------ Material provided ------
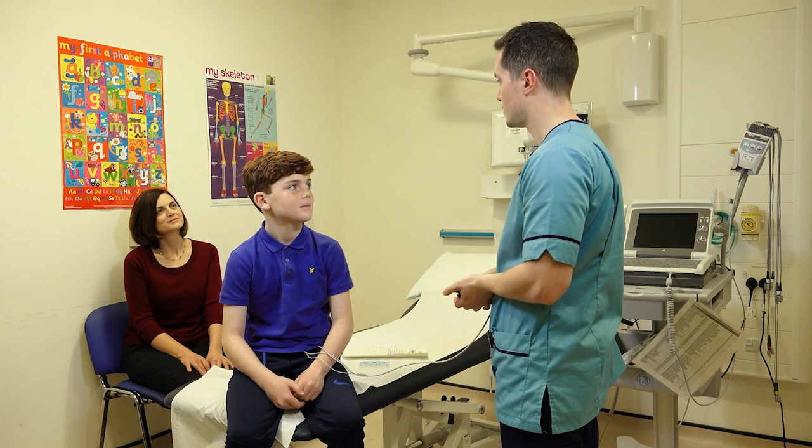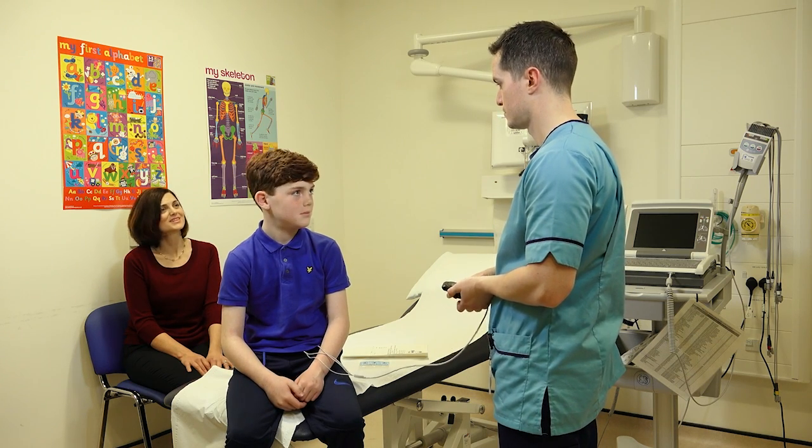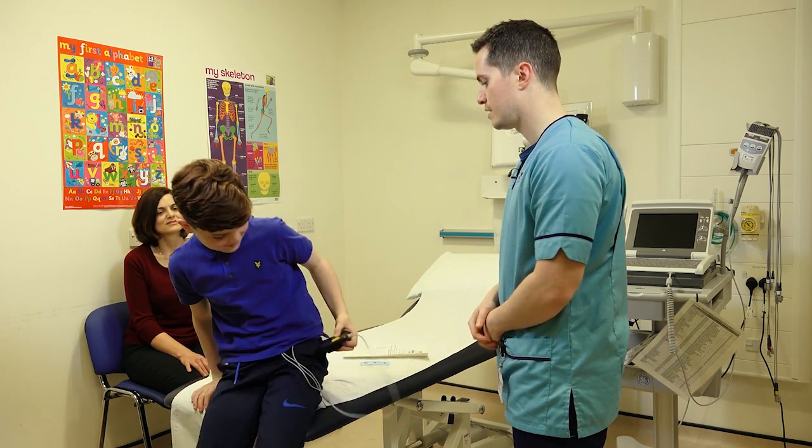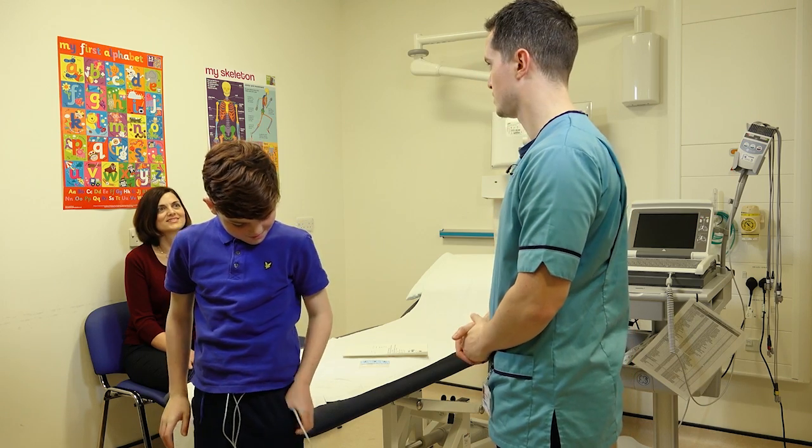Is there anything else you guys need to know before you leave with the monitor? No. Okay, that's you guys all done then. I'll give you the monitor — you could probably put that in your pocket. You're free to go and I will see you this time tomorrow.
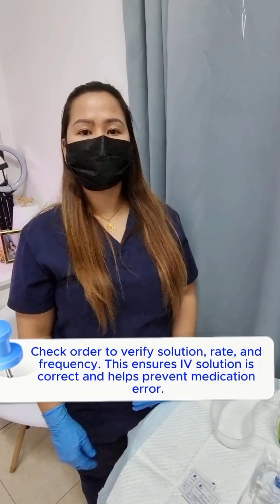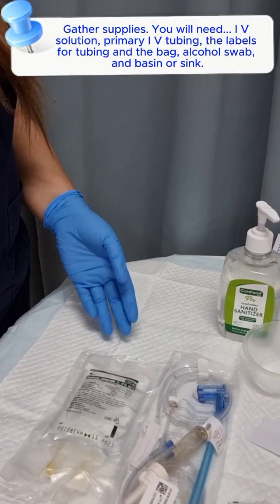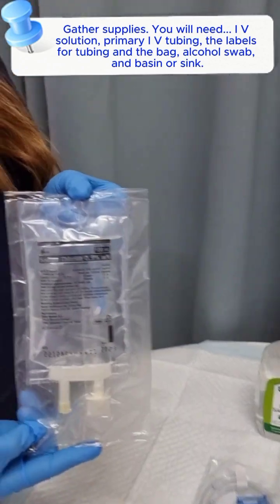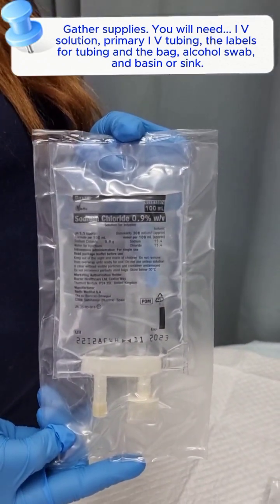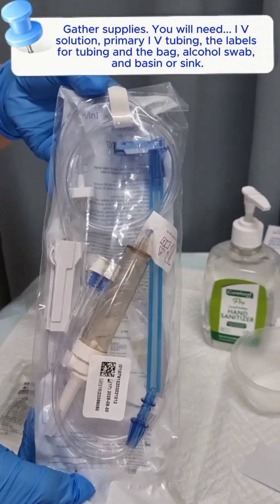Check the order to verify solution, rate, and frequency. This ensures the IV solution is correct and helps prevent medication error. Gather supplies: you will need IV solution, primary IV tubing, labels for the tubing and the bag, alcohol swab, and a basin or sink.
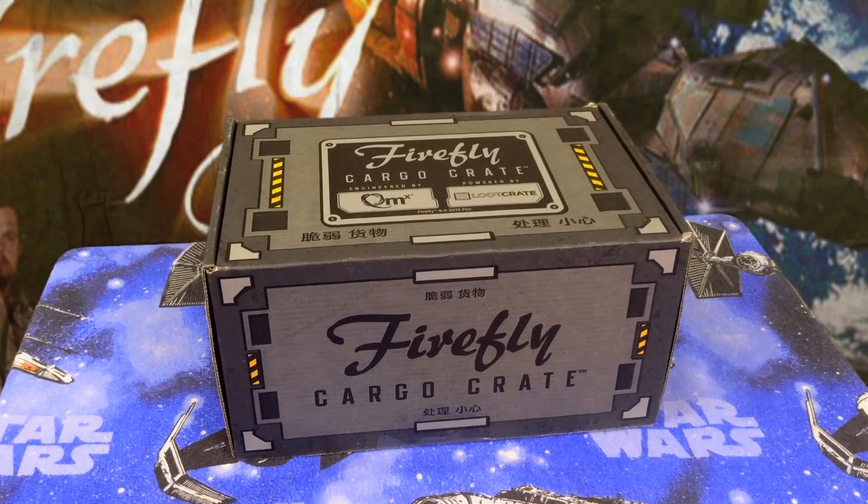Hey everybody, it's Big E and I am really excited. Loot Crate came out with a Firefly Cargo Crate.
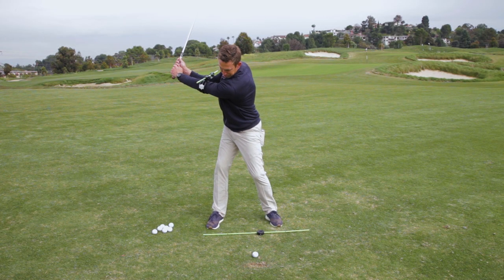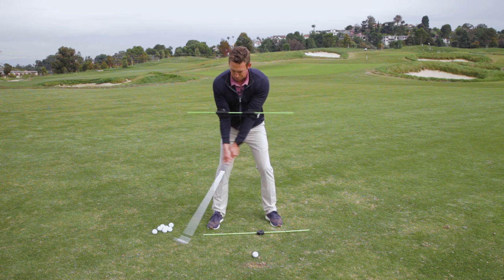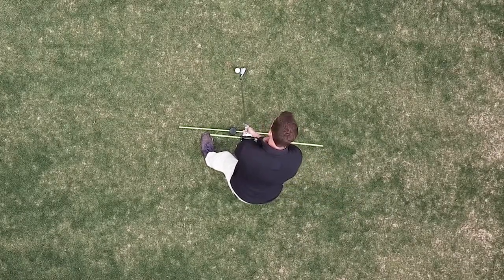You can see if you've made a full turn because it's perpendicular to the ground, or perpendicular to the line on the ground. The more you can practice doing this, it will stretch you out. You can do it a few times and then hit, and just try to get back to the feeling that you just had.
------
Exercise description
Retype the listing exactly and drop the pictures.

Output below
Is there anything else you guys need to know before you leave with the monitor? No. Okay, that's you guys all done then. I'll give you the monitor — you could probably put that in your pocket. You're free to go and I will see you this time tomorrow.
Check the order to verify solution, rate, and frequency. This ensures the IV solution is correct and helps prevent medication error. Gather supplies: you will need IV solution, primary IV tubing, labels for the tubing and the bag, alcohol swab, and a basin or sink.
Hey everybody, it's Big E and I am really excited. Loot Crate came out with a Firefly Cargo Crate.
You can see if you've made a full turn because it's perpendicular to the ground, or perpendicular to the line on the ground. The more you can practice doing this, it will stretch you out. You can do it a few times and then hit, and just try to get back to the feeling that you just had.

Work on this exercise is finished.